▸ TASK BRIEF: Extract the line that contains "Short-Term Rental Sites for Hosts" and every line after it through the end of the records below, exactly as written, leaving out any pictures.

——————————

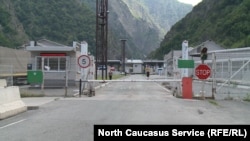 "Верхний Ларс", граница между Грузией и Россией 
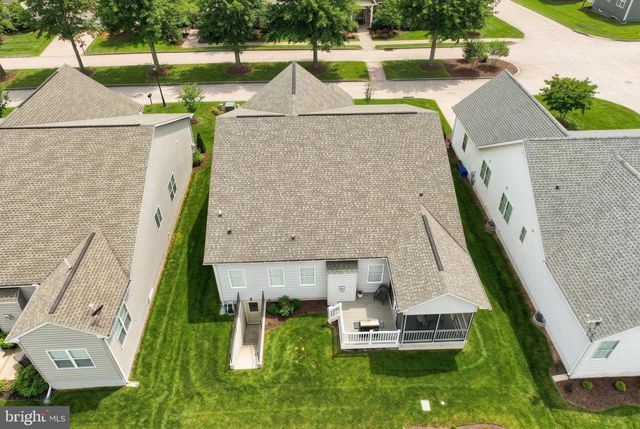 221 SAVANNAH DR, Gettysburg, PA 17325
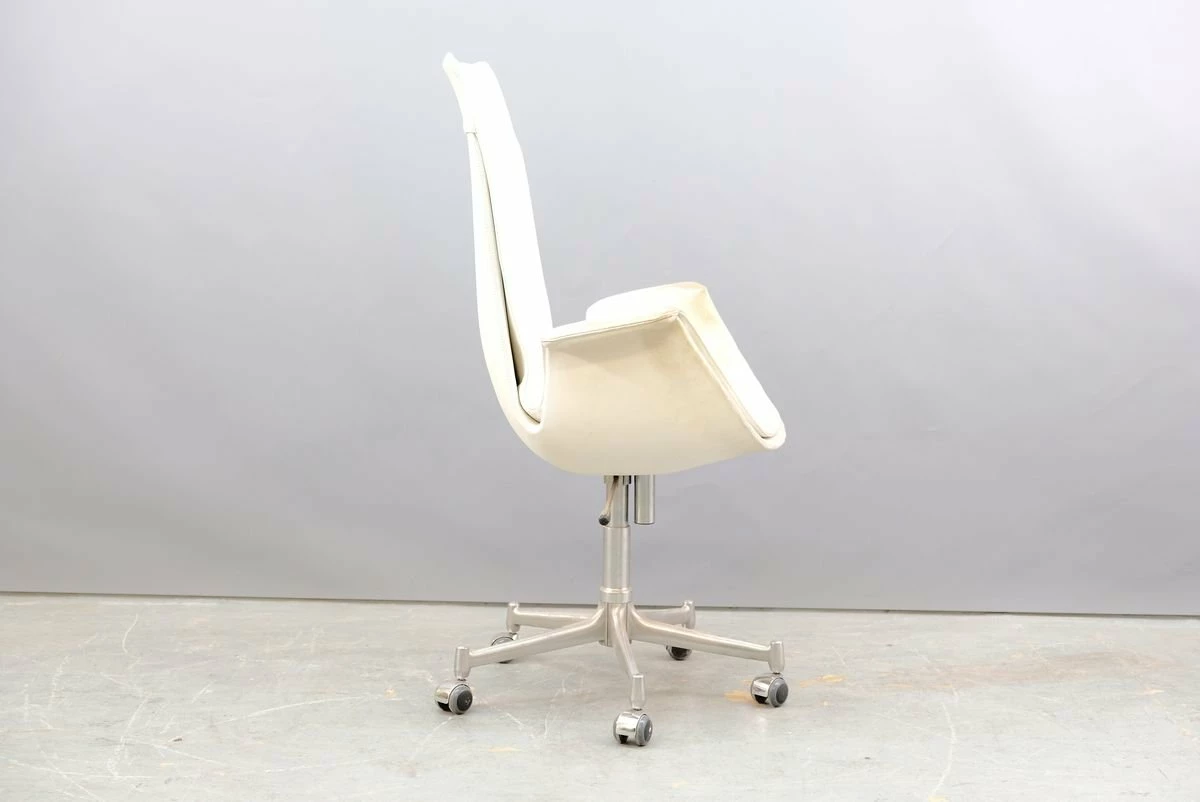 Mid-Century White Tulip Chair By Preben Fabricius & Jørgen Kastholm For Kill International 5 Mid-Century White Tulip Chair By Preben Fabricius & Jørgen Kastholm For Kill International - Image 3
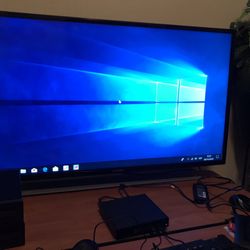 Samsung Monitor And Desk Set Up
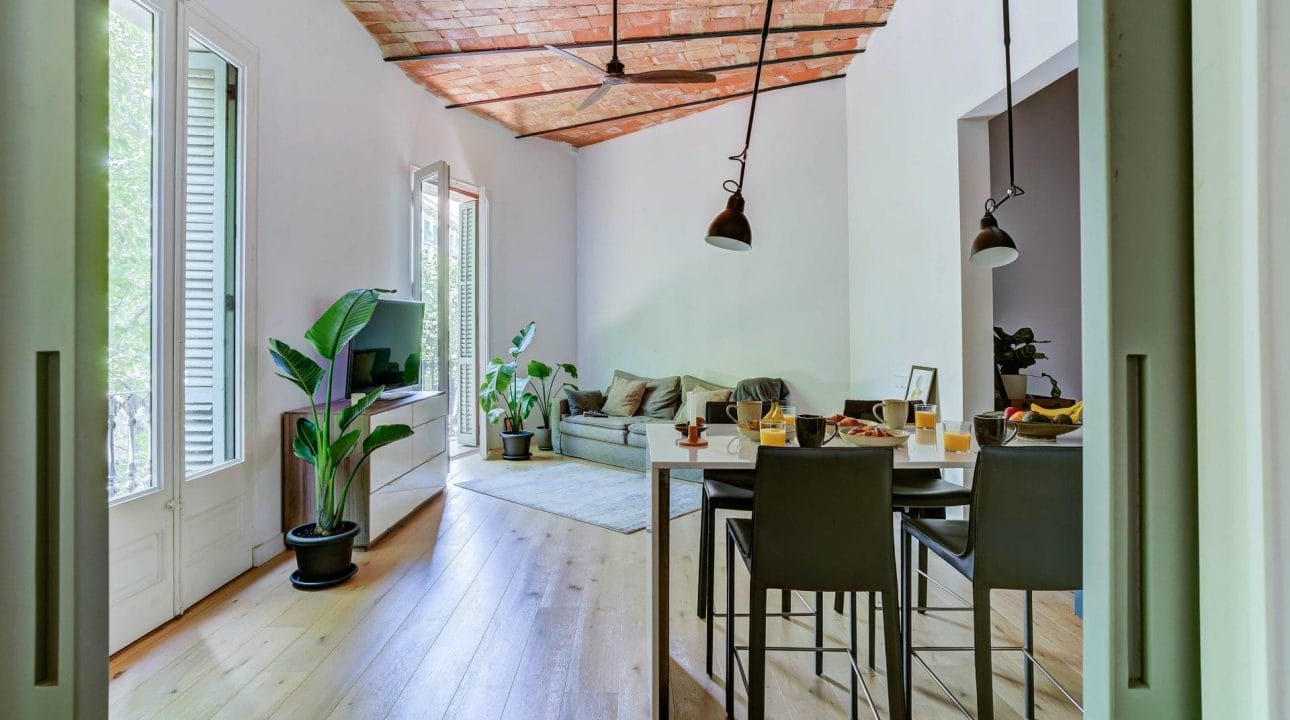 Short-Term Rental Sites for Hosts
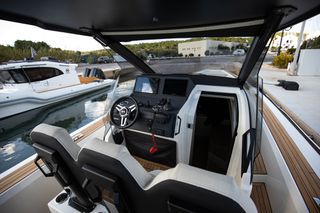 Technohull 2024 OMEGA 47 2X440HP VOLVO PENTA DIESEL ΚΑΙΝΟΥΡΓΙΟ-thumb-22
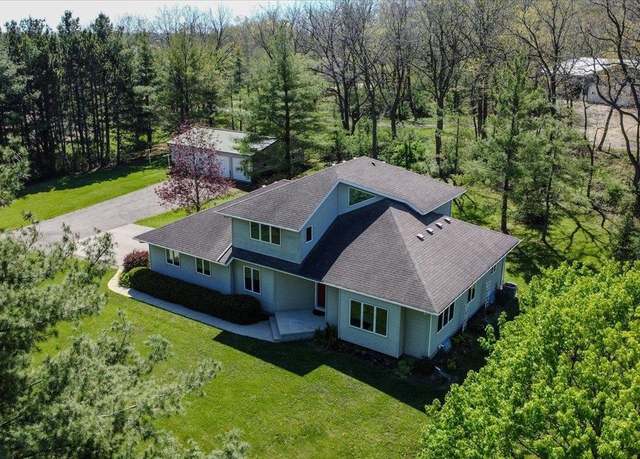 Property at 6460 Shady Bend Rd, Verona, WI 53593, 4 beds, 3 baths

——————————

▸ RESULT FOR THIS TASK:
 Short-Term Rental Sites for Hosts
 Technohull 2024 OMEGA 47 2X440HP VOLVO PENTA DIESEL ΚΑΙΝΟΥΡΓΙΟ-thumb-22
 Property at 6460 Shady Bend Rd, Verona, WI 53593, 4 beds, 3 baths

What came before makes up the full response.